[Data shown — start]
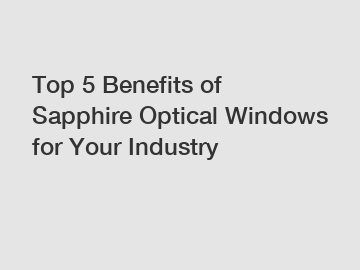 Top 5 Benefits of Sapphire Optical Windows for Your Industry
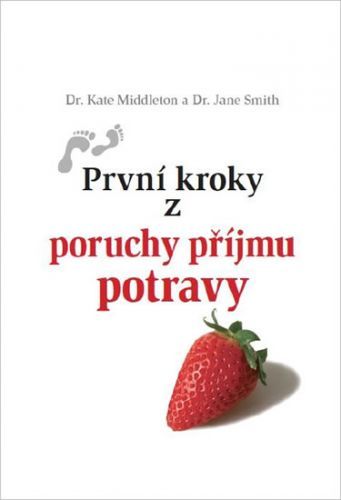 První kroky z poruchy příjmu potravy
					 - Middleton Kate, Smith Jane,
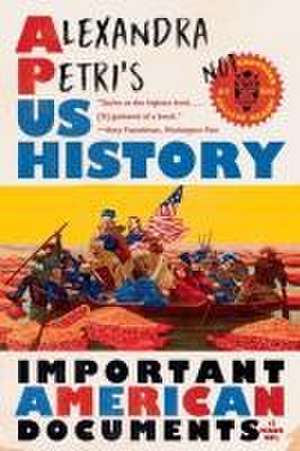 Alexandra Petri`s US History – Important American Documents (I Made Up) de Alexandra Petri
[Data shown — finish]
_Aim of the exercise_. Would you return the material above exactly, apart from its pictures?

_Solution for this problem_.
 Top 5 Benefits of Sapphire Optical Windows for Your Industry
 První kroky z poruchy příjmu potravy
					 - Middleton Kate, Smith Jane,
 Alexandra Petri`s US History – Important American Documents (I Made Up) de Alexandra Petri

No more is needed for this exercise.